2022-03-23 07:00:34 | 国際・政治
■臨時情報-ウクライナ情勢
 ゼレンスキーウクライナ大統領の国会におけるオンライン演説会が遂に実現します。

 ゼレンスキーウクライナ大統領の我が国国会における大統領演説が本日日本時間1800時よりWeb中継により衆参両院議員臨席の特別会議室にて執り行われます。ロシア軍ウクライナ侵攻から間もなく一ヶ月、ロシア軍という巨大な軍事大国の攻撃から果敢に抵抗を続け世界に驚きを以て受け止められている若き指導者は日本の国会に何を語るのでしょうか。

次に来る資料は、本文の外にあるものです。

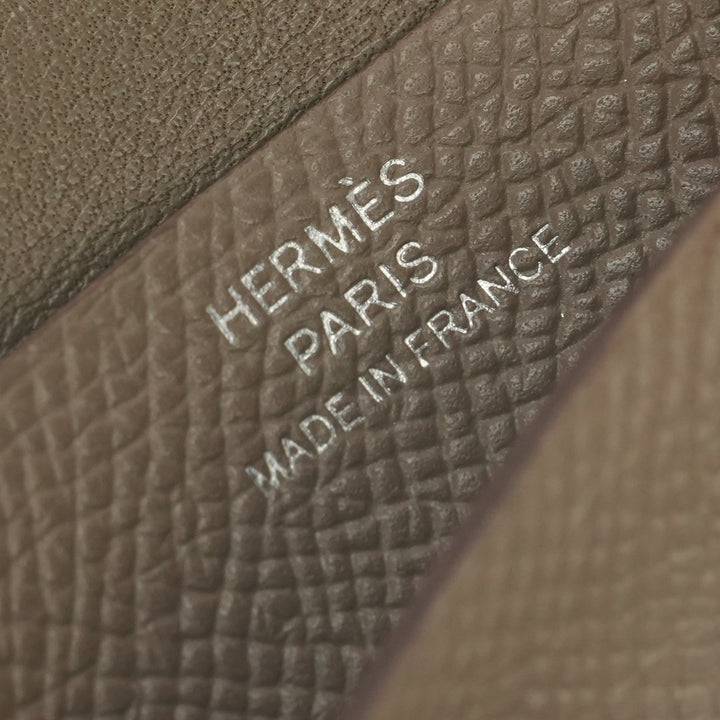 エルメス HERMES ベアンミニ 財布 二つ折り財布 ミニ財布 ミニ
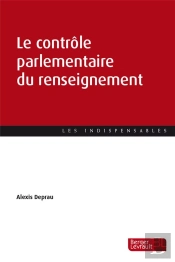 Le Contrôle Parlementaire Du Renseignement
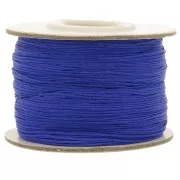 Hilo de jade - Hilo de nailon trenzado 0,5 mm - Azul duro x150m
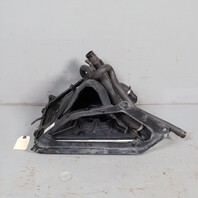 1997-2004 Porsche 911 Boxster Left Radiator Condenser Cooling Fan Pod OEM Used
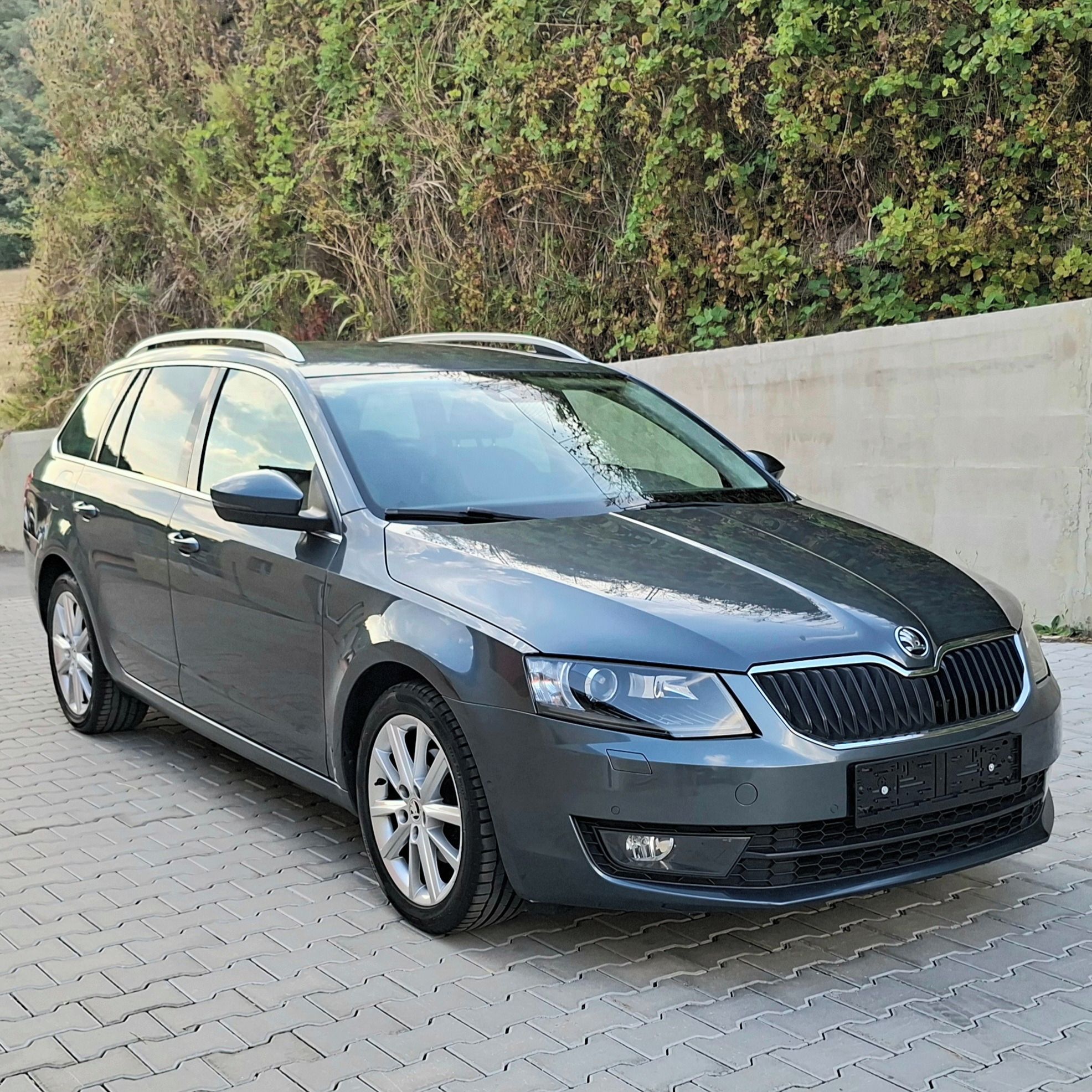 Škoda Octavia, 1.4 TSI 110kW 1.Majitel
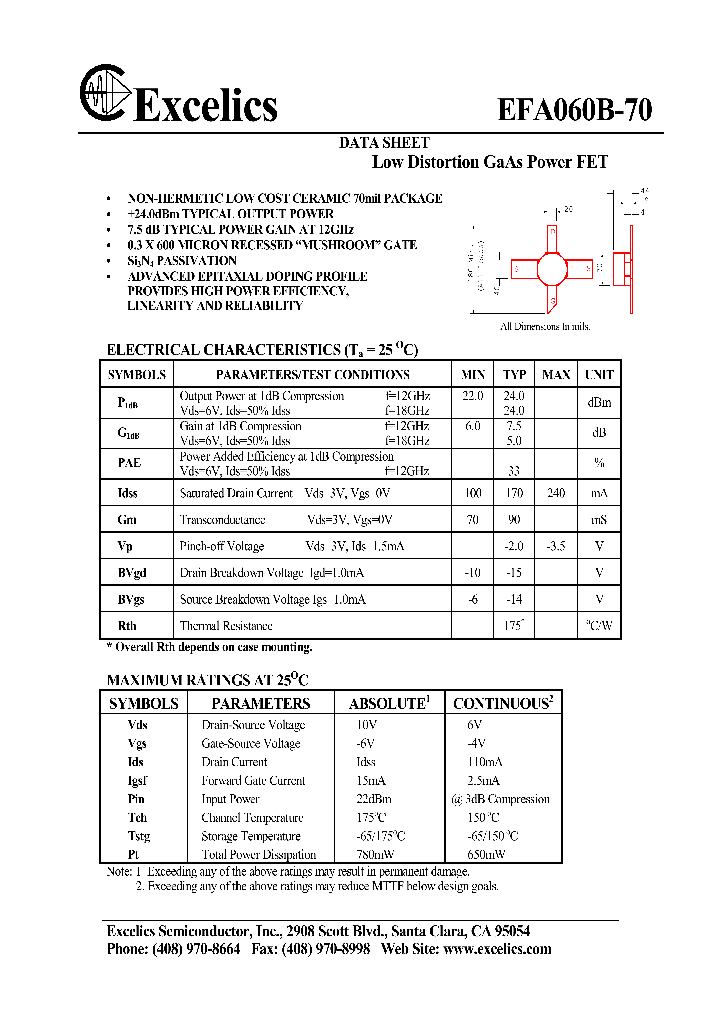 EFA060B-70_1236126.PDF Datasheet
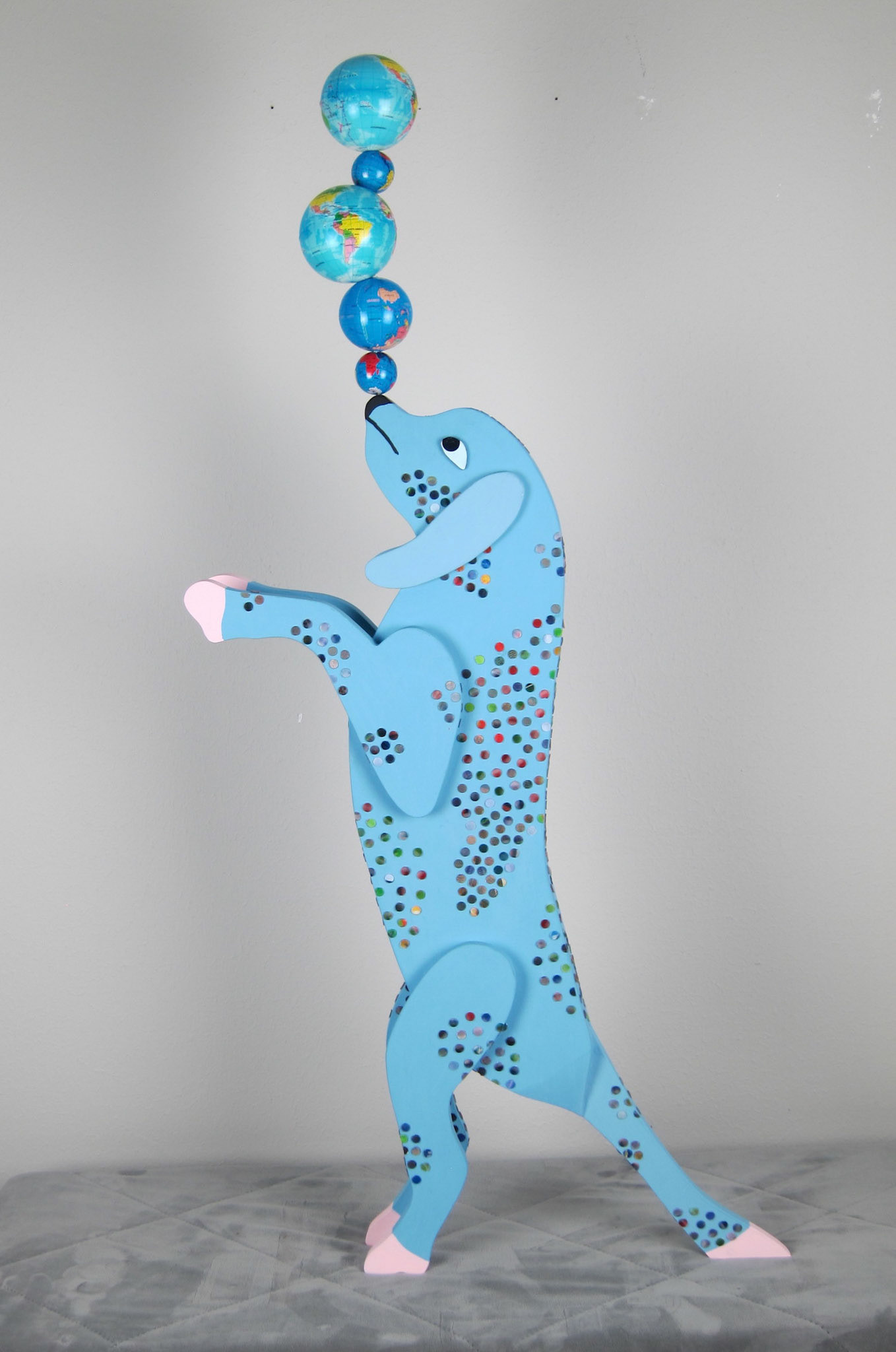 BAILY CIRCUSDOG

 ウクライナへ侵攻しているロシア軍は日本にとり隣国でもあるのですが、冷戦時代には北海道始め強大な軍事圧力を掛け、首都東京へ向けての爆撃機による示威飛行“東京急行”を繰り返しています。また太平洋戦争では不可侵条約破棄による参戦と非戦闘員殺傷、終戦後の捕虜に対する強制労働による大量の死者を出すとともに今へ禍根を残しています。

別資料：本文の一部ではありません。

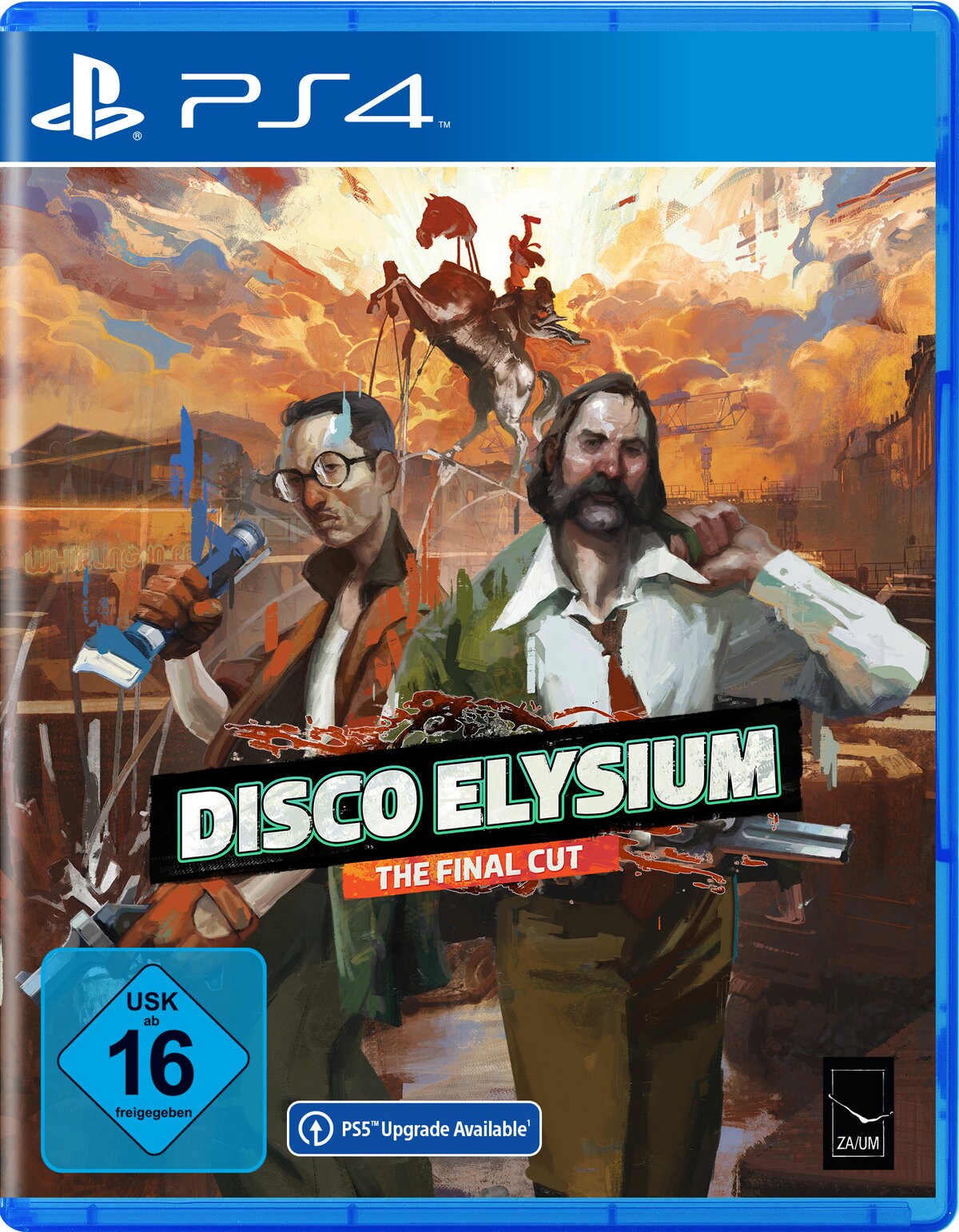 Disco Elysium: The Final Cut - Bild 1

 ゼレンスキー大統領は、平和憲法を盾に世界危機への傍観を続けている日本の、手段として平和を用いるが結果としての平和実現は度外視する、この戦後日本をどのように見ているのか、また国内情勢と世論ばかりを注視する“一億総引き籠り”という実情を前に如何に世界の視点を突き付けるのか、現実主義の最前線で何を語るのか、関心はつきません。

 日ロ平和交渉中断がロシア外務省より一方的に通告されました。日本とロシアは1956年に日本とソ連のあいだで締結された日ソ基本条約がありますが、日本とソ連はその後の平和条約締結までは進まず、ロシアはソ連より国際法上の国家継承を行った後に、平和交渉をすすめ、安倍政権時代にプーチン大統領がその無条件調印を迫りましたが進んでいません。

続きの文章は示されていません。